##### Materials provided #####

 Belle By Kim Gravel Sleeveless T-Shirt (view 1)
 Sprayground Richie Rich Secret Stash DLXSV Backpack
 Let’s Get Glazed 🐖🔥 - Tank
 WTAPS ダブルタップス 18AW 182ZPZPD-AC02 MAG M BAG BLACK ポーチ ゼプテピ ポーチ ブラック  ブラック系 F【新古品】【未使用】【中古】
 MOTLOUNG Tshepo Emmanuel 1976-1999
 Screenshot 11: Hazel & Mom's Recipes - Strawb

#####
##### Materials provided #####

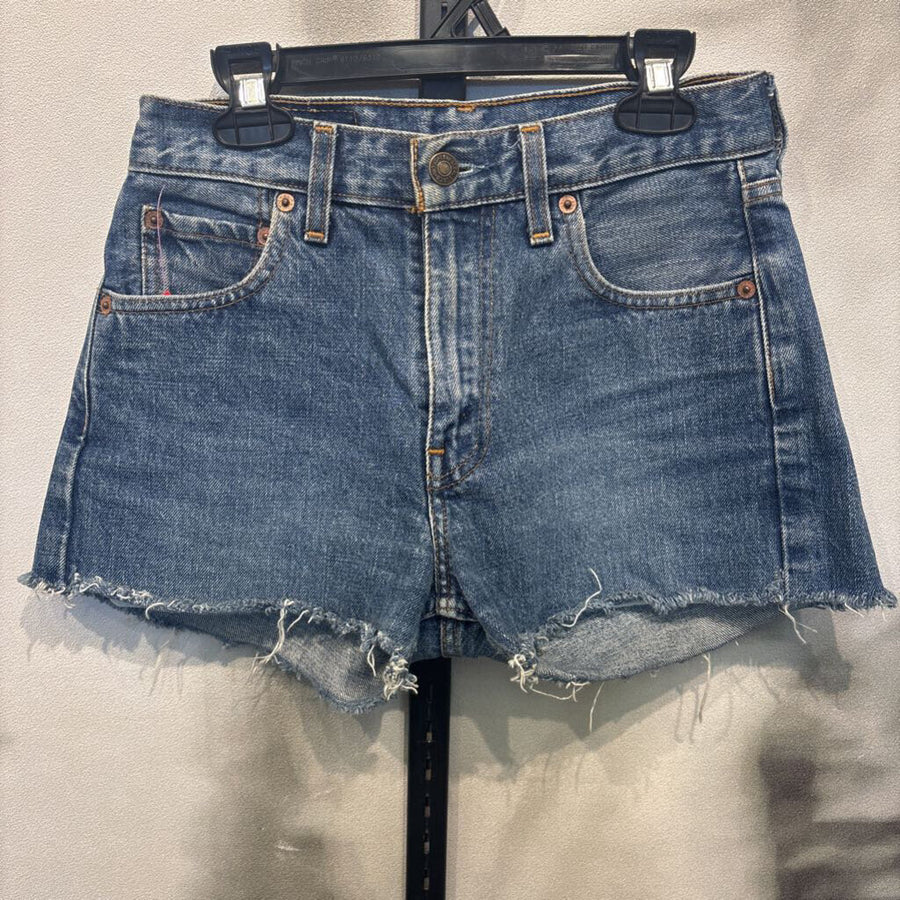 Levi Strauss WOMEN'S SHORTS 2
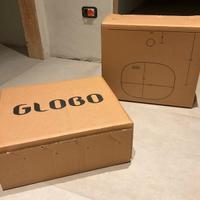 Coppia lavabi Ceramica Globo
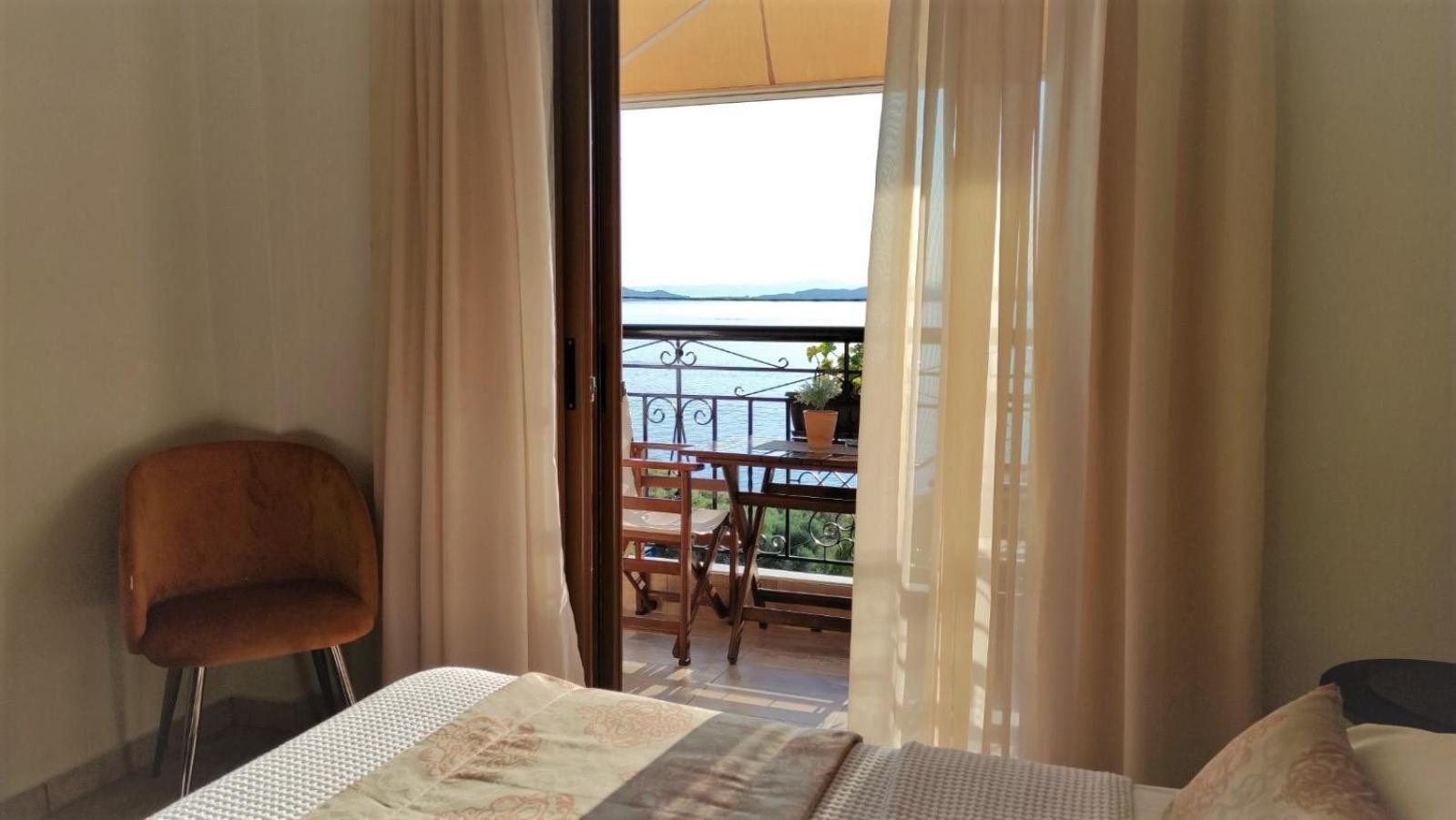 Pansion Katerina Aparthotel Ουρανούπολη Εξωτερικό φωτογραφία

#####

• **Instructions for the task**
Above are the records; from them, give again exactly the lines from the one containing "MOTLOUNG Tshepo Emmanuel 1976-1999" to the one containing "Screenshot 11: Hazel", both lines included, and nothing more.

• **Solution to this exercise**
 MOTLOUNG Tshepo Emmanuel 1976-1999
 Screenshot 11: Hazel & Mom's Recipes - Strawb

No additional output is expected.